Журнальные публикации - [45]
Верстка этих стихов легла на редакторский стол утром 16-го вместе с печальным известием. Понимаем, что выглядит это клишированным приемом, но, к сожалению, это правда.
Теперь по-особому звучит заголовок подборки — “Хотелось бы получше, да…” и отточие — как горький привкус слез по ушедшему навсегда поэту.
Хотелось бы… Да куда уж! И возраст не тот. И сама система, так сказать, порождения стихов уж настолько отлажена, даже, вернее, замылена, что просто воспроизводит самое себя в неких беспрерывно повторяющихся актах или, как говорится — артефактах. Хорошо еще, если в артефактах!

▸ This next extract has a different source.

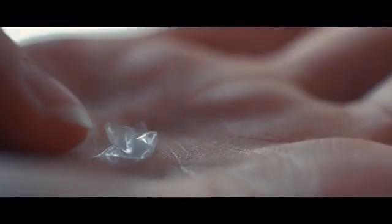Dirty contacts are a pain, and cleaning them isn't easy. The rubbing method can tear your lenses, and those expensive cleaning chemicals can really hurt.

Так что же может улучшиться в области версификации, тропов, эвфонии и словосочетаний, словаря, принципа отсылок, цитат и аллюзий, вкрапления прозаизмов и квазинаучных пассажей, а? Ну если только кое-что обнаружится за пределами перечисленных позиций стихосложения — например, в области количественной, жестовой, в области фиксации и объявления мощности личностного мифа.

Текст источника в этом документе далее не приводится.